This is the third entry in a three-part series on common models of reusable container replenishment, and their benefits. The first and second can be found here and here.

The right replenishment model for your reusable container initiative can maximize efficiency and reduce mistakes caused by human error, while still taking the challenges of your unique business environment into account. In this final entry in the “Limits” series, we’ll examine the Kanban/JIT scheduling system.


Kanban is a Japanese word meaning “signboard” or “billboard.” In the manufacturing industry, it refers to a lean, just-in-time scheduling system, in which resupply or production is determined by the actual demand of the customer. This process is often also referred to as “JIT,” or Just-In-Time. The moment a container is consumed at the point of use, an electronic signal is sent, notifying the system that the container has been used and automatically generating an order for its replenishment.

When coupled with one of the other replenishment models we discussed in the other “Knowing The ‘Limits’” blogs, an additional “safety stock” reduces the risk of reusable container shortages. This model allows users to increase the number of reusable containers they can have on hand, to make up for unplanned delays or errors in the supply chain. While it acts as a buffer of safety, it is nonetheless important to minimize the amount of safety stock necessary.

Safety stock is typically assigned in relation to one of the following metrics:

• TIME – The safety stock is the amount of inventory used in a specified number of inventory days, based on the location’s demand.
• PERCENTAGE – The safety stock is a specified percentage of a location’s total inventory and can exceed demand.
• QUANTITY – The safety stock is the amount required to ensure the minimum quantity on hand is maintained at all times.

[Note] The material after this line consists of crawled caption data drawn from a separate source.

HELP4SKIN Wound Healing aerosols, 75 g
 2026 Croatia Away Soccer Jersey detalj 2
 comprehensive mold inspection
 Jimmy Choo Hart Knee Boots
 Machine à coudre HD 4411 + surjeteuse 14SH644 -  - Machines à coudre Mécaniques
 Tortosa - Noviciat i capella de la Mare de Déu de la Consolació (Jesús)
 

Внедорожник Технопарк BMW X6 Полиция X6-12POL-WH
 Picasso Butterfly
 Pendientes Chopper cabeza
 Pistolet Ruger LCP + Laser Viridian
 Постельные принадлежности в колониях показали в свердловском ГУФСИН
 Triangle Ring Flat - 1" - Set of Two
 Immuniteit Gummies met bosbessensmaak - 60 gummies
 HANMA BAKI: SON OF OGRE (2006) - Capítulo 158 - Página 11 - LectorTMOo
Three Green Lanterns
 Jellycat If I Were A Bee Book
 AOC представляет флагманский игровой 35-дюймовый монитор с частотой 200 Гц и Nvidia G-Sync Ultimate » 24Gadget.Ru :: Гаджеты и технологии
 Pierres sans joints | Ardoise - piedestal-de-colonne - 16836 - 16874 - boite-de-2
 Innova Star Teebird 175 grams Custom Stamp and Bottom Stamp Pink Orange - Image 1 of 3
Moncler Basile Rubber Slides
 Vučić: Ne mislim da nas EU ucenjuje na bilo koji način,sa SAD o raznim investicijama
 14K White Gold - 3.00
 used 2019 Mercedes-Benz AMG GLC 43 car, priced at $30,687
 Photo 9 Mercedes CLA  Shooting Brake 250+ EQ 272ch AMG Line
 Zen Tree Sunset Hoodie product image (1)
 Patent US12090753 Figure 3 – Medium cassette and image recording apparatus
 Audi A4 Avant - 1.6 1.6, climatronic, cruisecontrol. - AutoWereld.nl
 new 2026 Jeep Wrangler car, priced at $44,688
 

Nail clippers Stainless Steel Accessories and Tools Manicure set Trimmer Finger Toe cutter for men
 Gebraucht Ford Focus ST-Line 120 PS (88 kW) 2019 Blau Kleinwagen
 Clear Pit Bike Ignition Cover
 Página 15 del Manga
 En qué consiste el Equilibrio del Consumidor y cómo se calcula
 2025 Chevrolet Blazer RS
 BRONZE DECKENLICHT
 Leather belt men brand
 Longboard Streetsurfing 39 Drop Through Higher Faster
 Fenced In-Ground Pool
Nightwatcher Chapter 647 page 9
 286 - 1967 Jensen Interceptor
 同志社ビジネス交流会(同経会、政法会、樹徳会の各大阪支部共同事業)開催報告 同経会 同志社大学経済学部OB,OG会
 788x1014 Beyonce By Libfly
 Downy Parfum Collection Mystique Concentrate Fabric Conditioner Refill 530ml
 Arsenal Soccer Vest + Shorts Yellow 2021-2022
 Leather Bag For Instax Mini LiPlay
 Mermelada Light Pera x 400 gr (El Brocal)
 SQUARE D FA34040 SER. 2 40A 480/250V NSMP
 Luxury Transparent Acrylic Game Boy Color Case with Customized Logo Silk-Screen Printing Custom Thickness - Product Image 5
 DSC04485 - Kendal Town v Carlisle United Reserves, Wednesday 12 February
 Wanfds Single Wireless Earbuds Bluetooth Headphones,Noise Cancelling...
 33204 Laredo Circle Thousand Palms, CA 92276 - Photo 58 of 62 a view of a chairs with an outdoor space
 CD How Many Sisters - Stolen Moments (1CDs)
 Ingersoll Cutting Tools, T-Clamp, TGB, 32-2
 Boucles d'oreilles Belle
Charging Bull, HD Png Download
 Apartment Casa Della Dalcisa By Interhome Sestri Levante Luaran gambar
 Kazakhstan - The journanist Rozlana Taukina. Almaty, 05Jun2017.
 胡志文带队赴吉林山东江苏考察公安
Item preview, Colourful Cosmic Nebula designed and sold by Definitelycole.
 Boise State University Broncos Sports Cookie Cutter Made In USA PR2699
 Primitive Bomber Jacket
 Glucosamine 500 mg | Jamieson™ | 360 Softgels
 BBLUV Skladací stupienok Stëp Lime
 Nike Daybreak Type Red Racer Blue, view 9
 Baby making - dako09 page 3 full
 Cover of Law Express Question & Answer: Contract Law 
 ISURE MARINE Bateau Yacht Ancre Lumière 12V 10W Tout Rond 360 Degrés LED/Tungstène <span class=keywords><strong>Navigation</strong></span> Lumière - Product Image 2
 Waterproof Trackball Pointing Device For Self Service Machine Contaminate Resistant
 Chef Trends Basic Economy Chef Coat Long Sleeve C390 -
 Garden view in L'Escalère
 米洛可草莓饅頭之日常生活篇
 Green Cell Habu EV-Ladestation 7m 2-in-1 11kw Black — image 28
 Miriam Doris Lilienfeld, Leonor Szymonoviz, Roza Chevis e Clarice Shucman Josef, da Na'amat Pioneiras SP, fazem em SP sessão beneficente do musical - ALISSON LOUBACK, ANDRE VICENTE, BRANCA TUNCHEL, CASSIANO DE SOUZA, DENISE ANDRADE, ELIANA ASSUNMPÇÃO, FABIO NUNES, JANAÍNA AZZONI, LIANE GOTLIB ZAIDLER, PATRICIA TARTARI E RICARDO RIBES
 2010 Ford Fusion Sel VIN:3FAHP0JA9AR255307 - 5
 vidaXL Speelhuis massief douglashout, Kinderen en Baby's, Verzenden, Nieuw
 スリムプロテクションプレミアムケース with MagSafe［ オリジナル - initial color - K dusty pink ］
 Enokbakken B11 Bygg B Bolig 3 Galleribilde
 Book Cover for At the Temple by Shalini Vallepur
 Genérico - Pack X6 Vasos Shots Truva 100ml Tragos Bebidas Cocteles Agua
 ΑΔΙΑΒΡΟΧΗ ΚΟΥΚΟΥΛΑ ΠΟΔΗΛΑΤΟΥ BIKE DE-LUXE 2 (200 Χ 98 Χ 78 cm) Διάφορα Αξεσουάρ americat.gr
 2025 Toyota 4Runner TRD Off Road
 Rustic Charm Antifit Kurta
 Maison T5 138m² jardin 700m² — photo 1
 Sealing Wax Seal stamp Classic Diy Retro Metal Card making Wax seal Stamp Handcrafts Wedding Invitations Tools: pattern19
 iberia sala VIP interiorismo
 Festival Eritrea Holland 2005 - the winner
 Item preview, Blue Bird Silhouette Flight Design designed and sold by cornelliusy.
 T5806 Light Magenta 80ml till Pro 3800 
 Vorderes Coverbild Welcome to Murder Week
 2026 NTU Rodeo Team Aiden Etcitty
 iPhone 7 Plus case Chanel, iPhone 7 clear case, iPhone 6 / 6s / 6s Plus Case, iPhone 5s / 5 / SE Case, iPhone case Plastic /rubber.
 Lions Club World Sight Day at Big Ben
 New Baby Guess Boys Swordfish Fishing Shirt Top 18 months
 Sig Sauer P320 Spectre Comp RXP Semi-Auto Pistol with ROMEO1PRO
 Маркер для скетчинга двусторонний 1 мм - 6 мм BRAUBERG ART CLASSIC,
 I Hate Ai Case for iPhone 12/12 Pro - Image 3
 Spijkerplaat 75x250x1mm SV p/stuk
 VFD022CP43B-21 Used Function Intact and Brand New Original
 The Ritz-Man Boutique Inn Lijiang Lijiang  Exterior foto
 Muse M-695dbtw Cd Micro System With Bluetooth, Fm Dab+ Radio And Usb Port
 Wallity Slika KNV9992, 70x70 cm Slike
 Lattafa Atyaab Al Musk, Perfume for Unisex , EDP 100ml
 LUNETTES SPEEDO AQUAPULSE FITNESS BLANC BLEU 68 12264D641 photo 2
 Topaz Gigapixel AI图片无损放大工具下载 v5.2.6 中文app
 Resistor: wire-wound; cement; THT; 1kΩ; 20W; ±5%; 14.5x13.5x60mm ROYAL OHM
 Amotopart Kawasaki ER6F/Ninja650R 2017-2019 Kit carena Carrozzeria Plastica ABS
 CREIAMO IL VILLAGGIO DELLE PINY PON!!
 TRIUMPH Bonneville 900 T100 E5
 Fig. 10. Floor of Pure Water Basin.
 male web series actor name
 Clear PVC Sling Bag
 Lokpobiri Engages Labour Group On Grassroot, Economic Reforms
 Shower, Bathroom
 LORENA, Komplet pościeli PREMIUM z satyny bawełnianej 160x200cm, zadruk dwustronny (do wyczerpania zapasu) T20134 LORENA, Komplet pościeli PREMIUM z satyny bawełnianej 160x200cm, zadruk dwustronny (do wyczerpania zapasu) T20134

The automation of replenishment orders not only reduces the chance of human error affecting the quantity or content of the order placement, it also accelerates the process by eliminating the time spent communicating between personnel as reduced stock levels are tracked and reported. Intelligent, automated management steps can reduce the number of reusable assets needed, minimize end user involvement, and increase the velocity of container movements.